Dès la première séquence, le lecteur se retrouve avec un sourire sur le visage grâce aux images aux petits oignons de Joëlle Jones. Pour commencer, cette artiste s'investit dans la reconstitution historique à chaque page. Il n'y a pas une seule planche où les arrière-plans disparaissent. À chaque planche, le lecteur sait où se déroule l'action, regarde les ameublements d'époque, ainsi que les ustensiles ménagers aux courbes si caractéristiques. Les toilettes de ces dames sont un délice visuel de séquence en séquence, à commencer par celle de Josie Schuller, dans sa tenue de représentante Avon. Il y a bien sûr sa tenue d'hôtesse de bar dans le deuxième épisode, et le quatrième épisode permet d'apercevoir ses bas avec les attaches pour les maintenir.

Joëlle Jones ne transforme pas son personnage en un objet de désir pour les lecteurs mâles, mais elle n'atténue pas non plus sa vitalité et son charme naturel. Lorsqu'elle fait l'éloge des produits Avon, elle affiche un sourire d'une candeur ravageuse, encore rehaussé par le contraste avec la ménagère négligée qu'est Doris Roman (la clope au bec, et les bigoudis sur la tête). Dans son costume d'hôtesse, elle est sexy en diable, mais toujours avec cette dimension dangereuse qui empêche de la considérer comme un objet. Il n'y a aucun doute qu'elle n'aura pas à payer de sa personne, et que les pauvres hommes se laissant aguicher le regretteront pour le court restant de leur vie. La seule case un peu révélatrice montre un décolleté pigeonnant (page 60, au début du troisième épisode), lors d'une fête organisée chez les Schuller, l'alcool coule avec largesse (sans parler des clopes).

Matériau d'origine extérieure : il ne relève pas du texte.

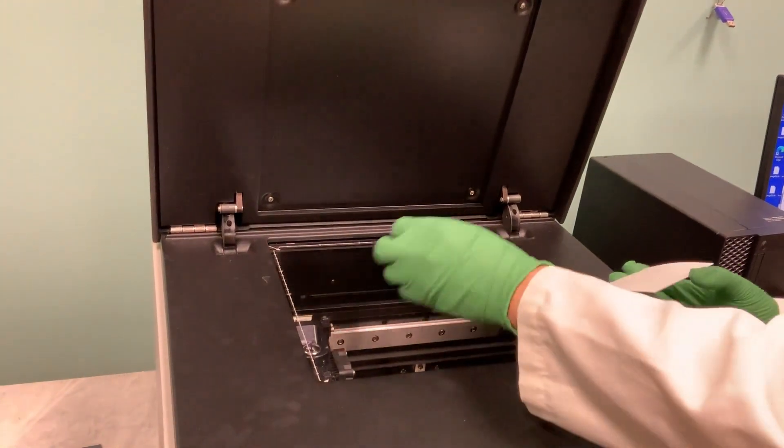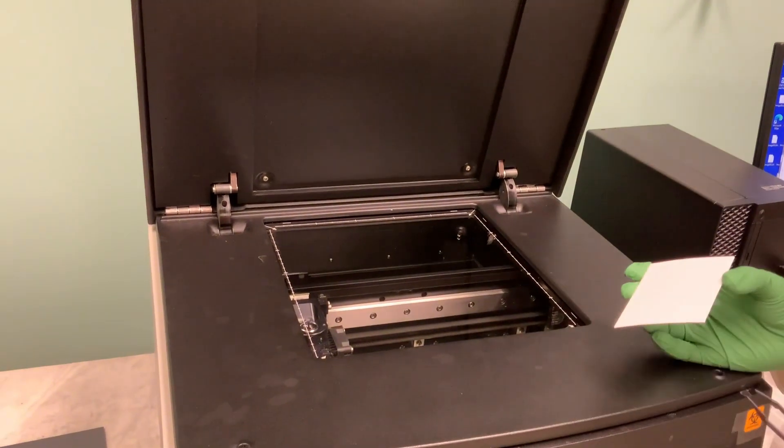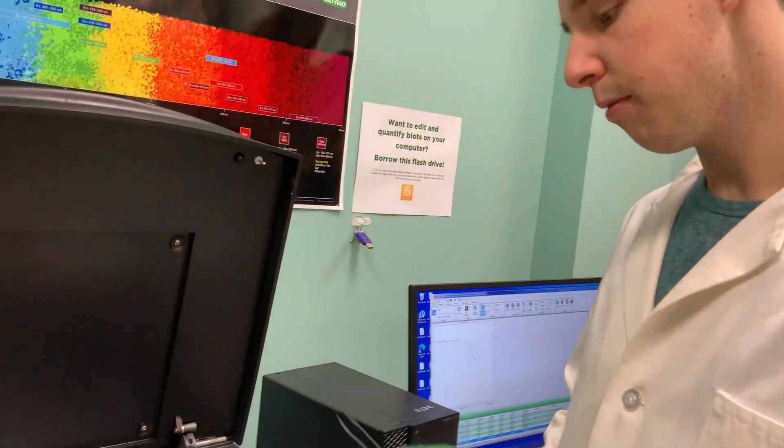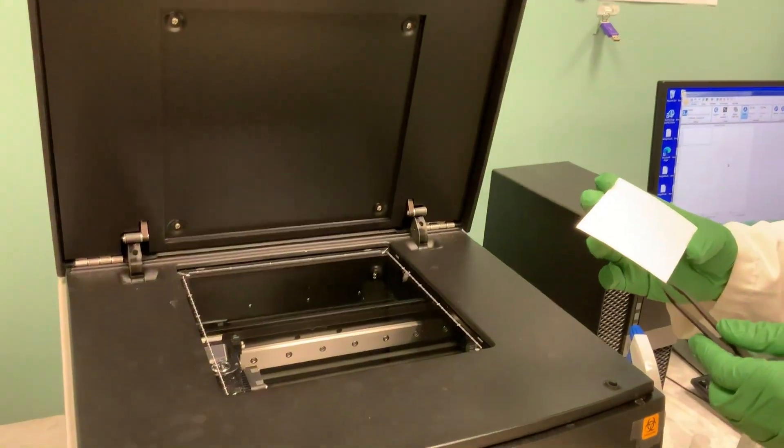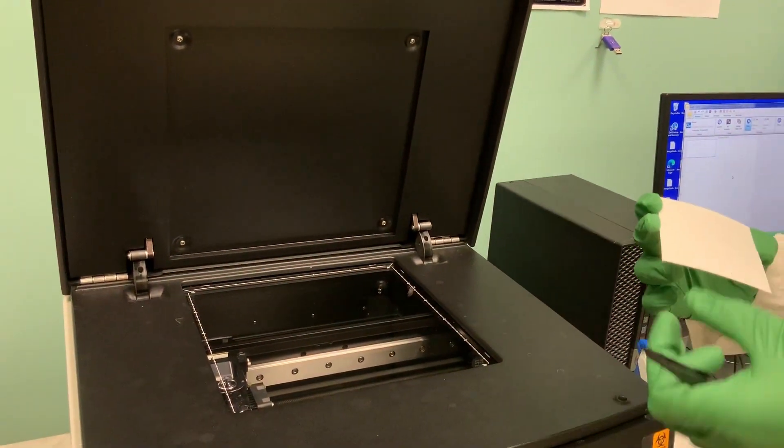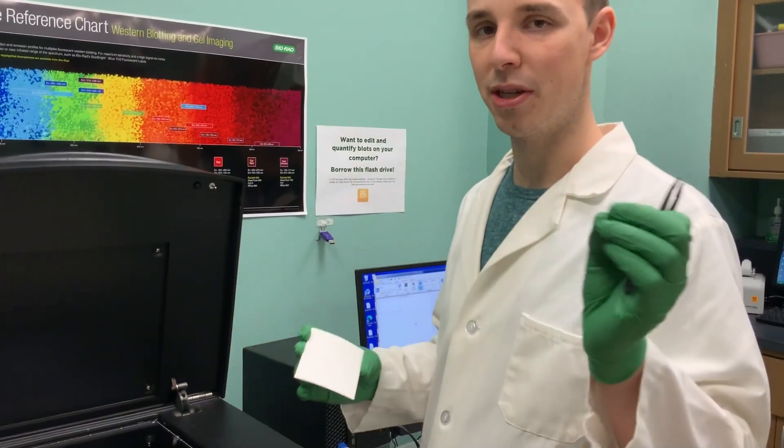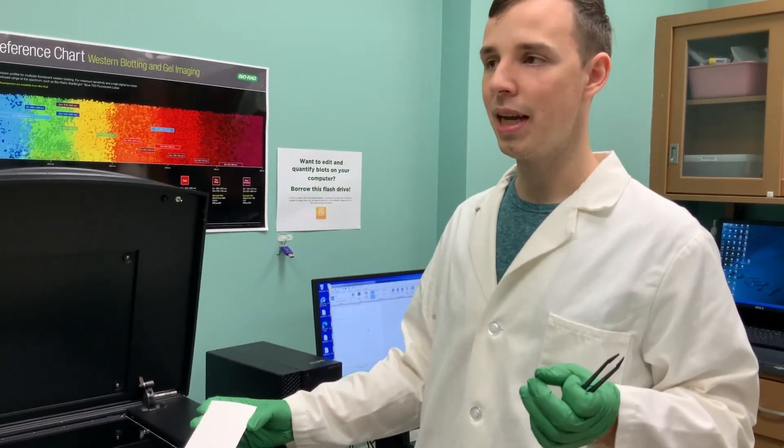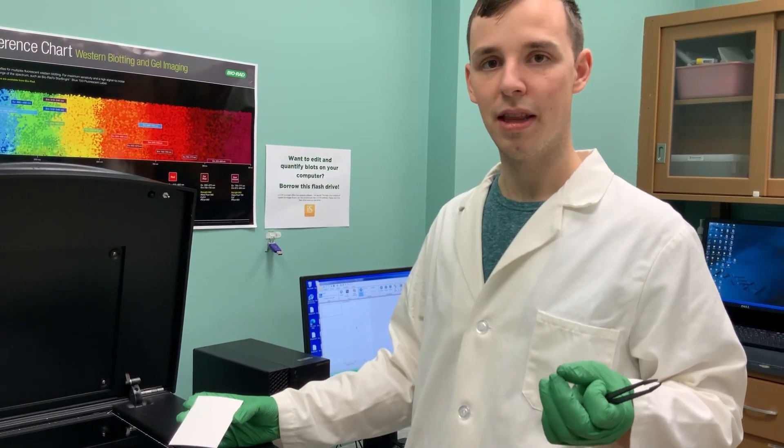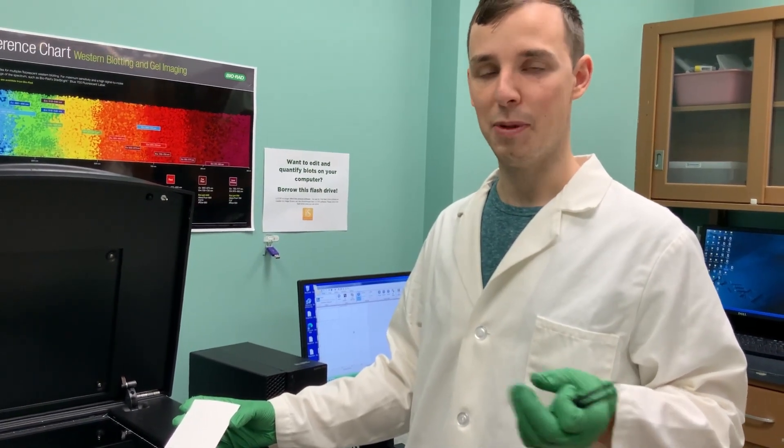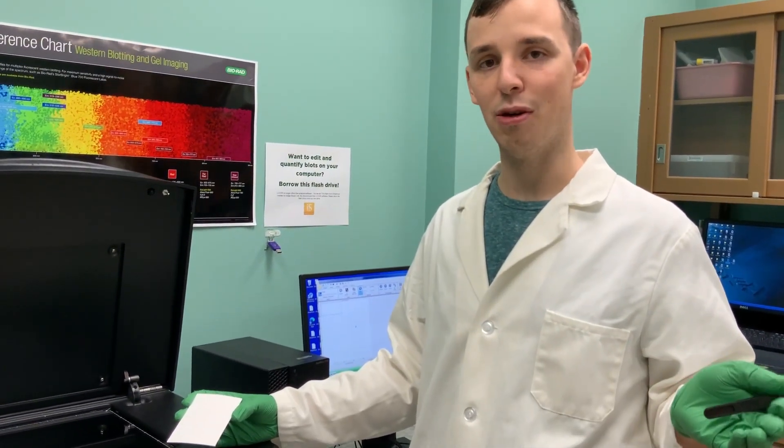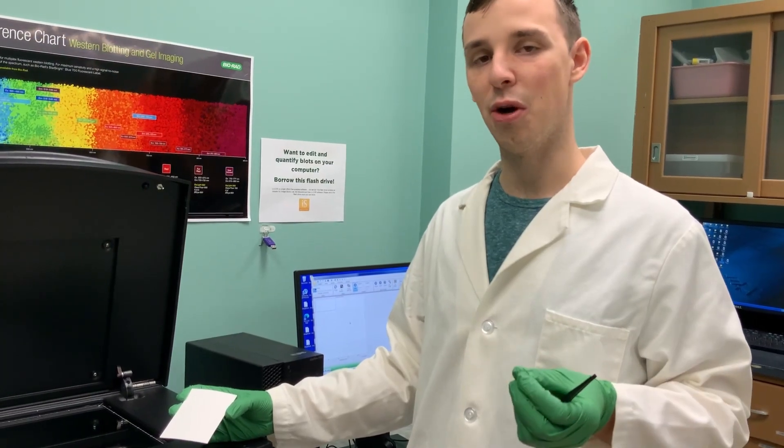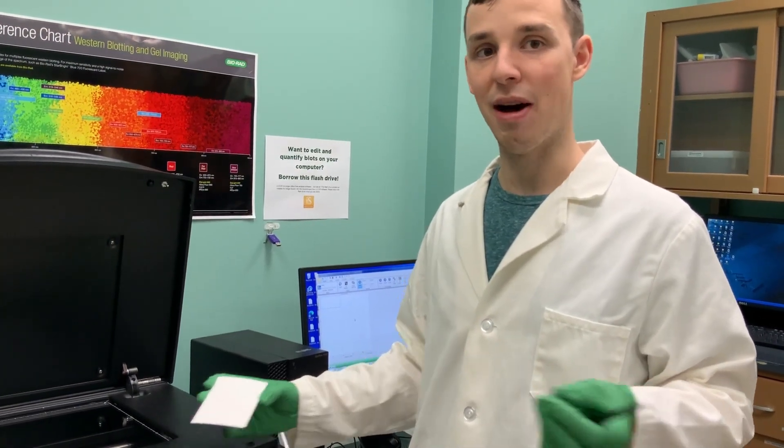If this is dirty, you can use some ethanol and kim wipes to clean this off. Make sure you don't touch especially the middle part of your membrane with your fingers or even gloves because it will mess up the transfer and the image won't come out as nicely.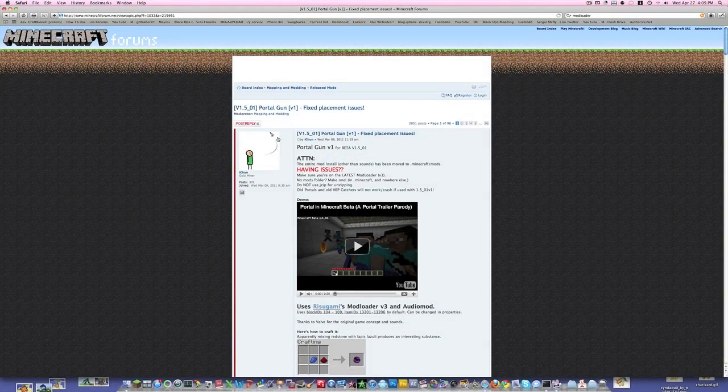Hello YouTube, SavageLonkey96 here, and today I'm going to be showing you guys how to install the new PortalGun mod for 1.5_1 Minecraft.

Il serait facile de faire le parallèle avec la série Mad Men, mais les dessins apportent une vitalité impressionnante. de manière chronique (mais sans en abuser), Joëlle Jones exagère une perspective pour accentuer un geste (Josie tendant la main à Doris (en page 2), ou une posture (Josie à califourchon sur un homme, en train de l'étrangler). En outre, l'intrigue comporte des scènes d'action régulières, ce qui augmente encore la différence avec la série TV.

La lecture constitue donc un grand plaisir graphique, avec une reconstitution visuelle soignée et authentique, et des personnages adultes, dont il faut se méfier quand ils commencent à sourire. L'intrigue se range dans la catégorie divertissement, sans velléité de faire réaliste. Ainsi les scénaristes ne s'étendent pas sur les tâches domestiques à exécuter par Josie. Les lecteurs étant des parents constateront immédiatement que la liberté d'action du personnage n'est pas compatible avec la responsabilité de 2 jeunes filles, sans parler des tâches ménagères, des courses, etc. Il y a donc plusieurs raccourcis scénaristiques pour faciliter l'intrigue.

Joëlle Jones & Jamie S. Rich maîtrisent les conventions du genre dans lequel ils ont placé leur histoire. Il y a pour commencer l'évocation d'un passé révolu : celui des années 1960. le dernier épisode se déroule en même temps que l'exposition universelle de 1962 à Seattle. Il y a les professions réservées aux femmes (essentiellement hôtesses et secrétaires). Les auteurs évoquent également la vie de banlieue, avec ses commérages (la voisine spécialisée dans l'observation de ce que font ses voisins), ou encore l'accueil plus ou moins de bonne grâce de la mère du père de famille.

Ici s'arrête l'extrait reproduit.